◆ **Information supplied**:
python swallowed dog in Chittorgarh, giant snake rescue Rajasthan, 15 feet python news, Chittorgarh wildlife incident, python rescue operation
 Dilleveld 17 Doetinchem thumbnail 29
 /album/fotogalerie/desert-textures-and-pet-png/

◆ **About this exercise**:
Each line from the one holding "Dilleveld 17 Doetinchem thumbnail 29" to the end of the data above goes into the answer exactly as written, and no other line does.

◆ **Result below**:
 Dilleveld 17 Doetinchem thumbnail 29
 /album/fotogalerie/desert-textures-and-pet-png/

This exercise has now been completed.